RECORDS TO PROCESS:
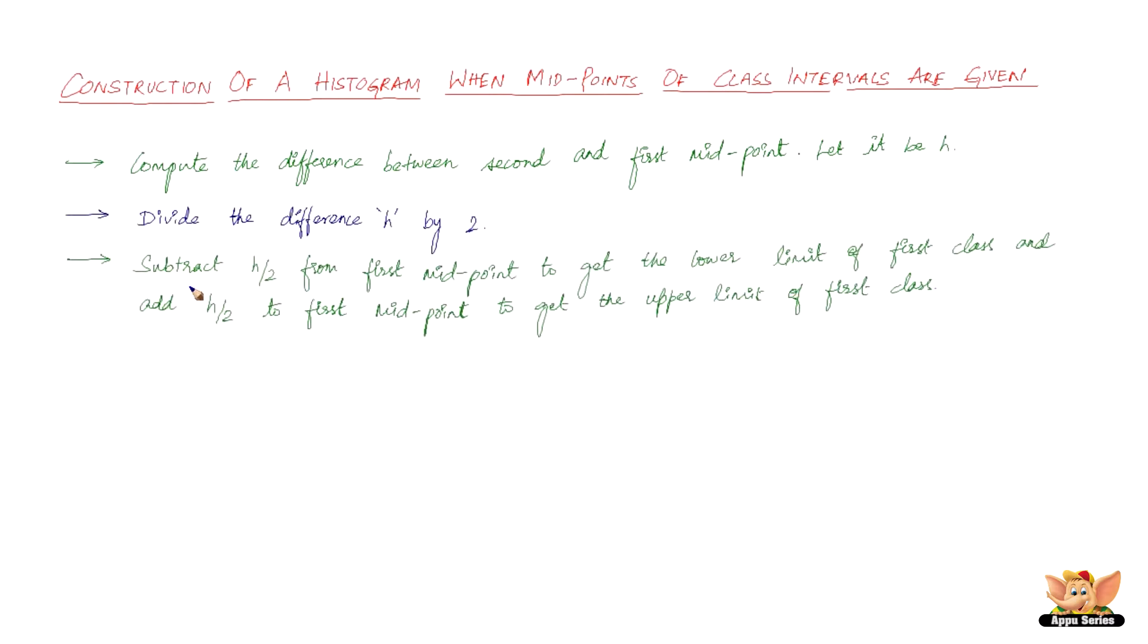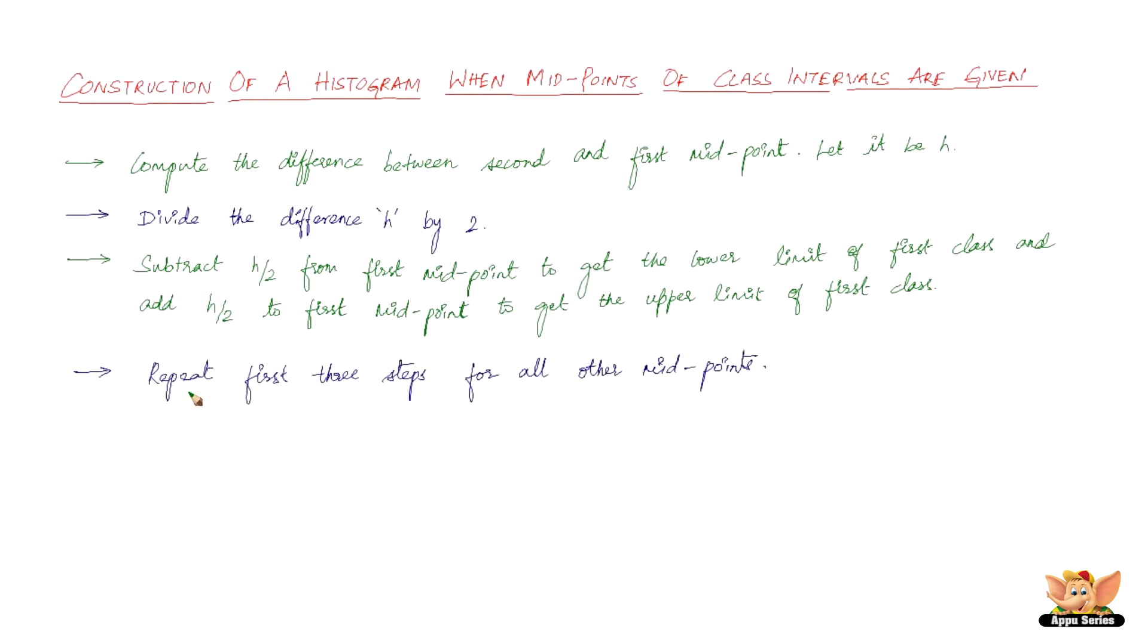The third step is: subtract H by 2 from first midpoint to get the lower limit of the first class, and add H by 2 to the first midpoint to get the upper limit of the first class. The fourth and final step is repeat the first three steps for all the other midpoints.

...

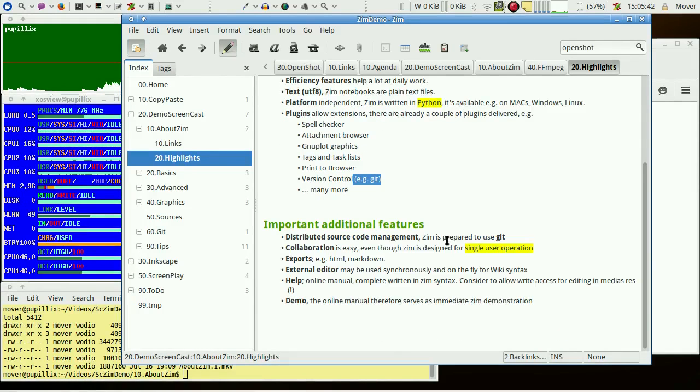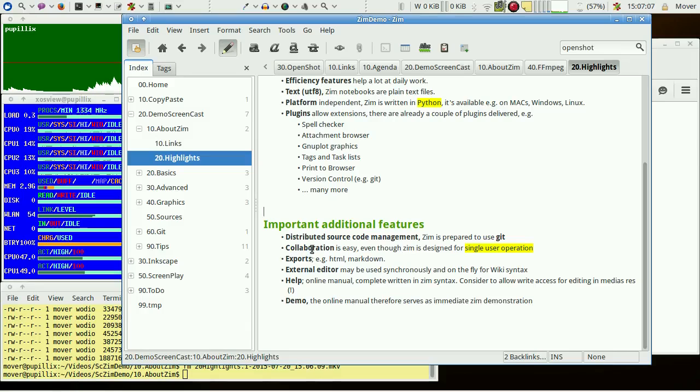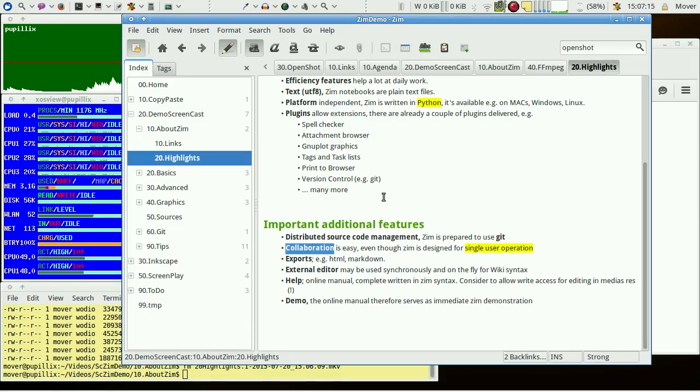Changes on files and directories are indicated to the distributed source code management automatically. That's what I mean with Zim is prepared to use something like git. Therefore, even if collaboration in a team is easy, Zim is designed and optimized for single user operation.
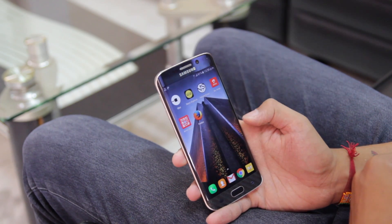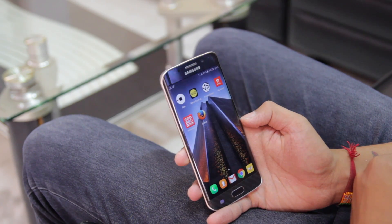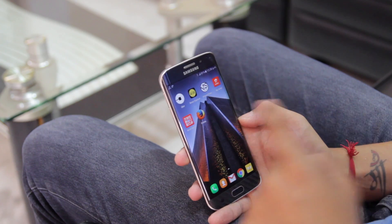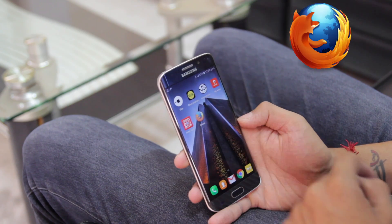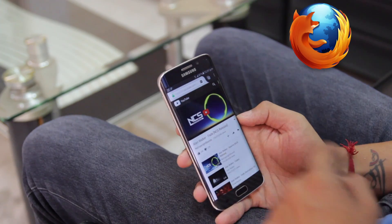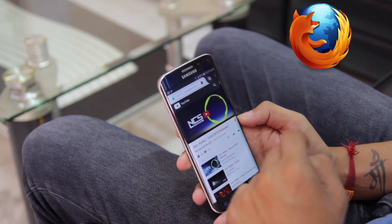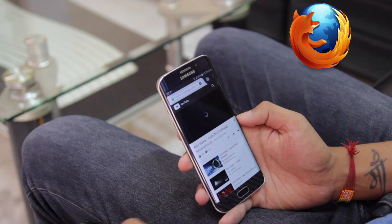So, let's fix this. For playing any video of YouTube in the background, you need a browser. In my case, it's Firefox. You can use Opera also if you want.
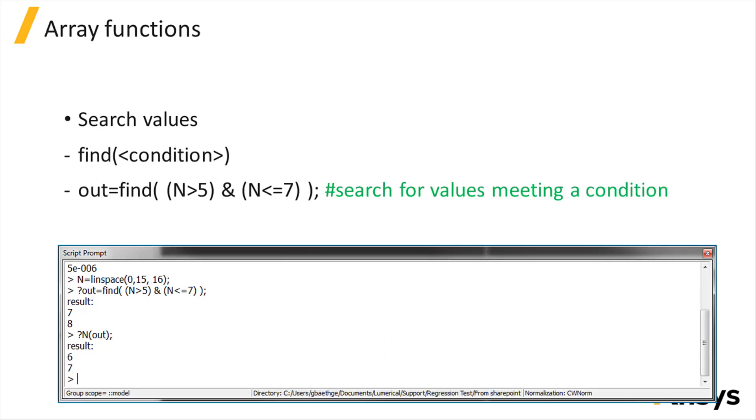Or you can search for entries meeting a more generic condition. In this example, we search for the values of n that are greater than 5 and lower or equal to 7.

---

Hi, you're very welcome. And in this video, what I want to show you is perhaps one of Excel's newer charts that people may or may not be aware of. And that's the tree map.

TASK PROMPT:
Above is the material; set down exactly its lines from the one containing "Changes on files" down to the one containing "Or you can search", both included, leaving out any pictures.

YOUR RESPONSE:
Changes on files and directories are indicated to the distributed source code management automatically. That's what I mean with Zim is prepared to use something like git. Therefore, even if collaboration in a team is easy, Zim is designed and optimized for single user operation.
So, let's fix this. For playing any video of YouTube in the background, you need a browser. In my case, it's Firefox. You can use Opera also if you want.
Or you can search for entries meeting a more generic condition. In this example, we search for the values of n that are greater than 5 and lower or equal to 7.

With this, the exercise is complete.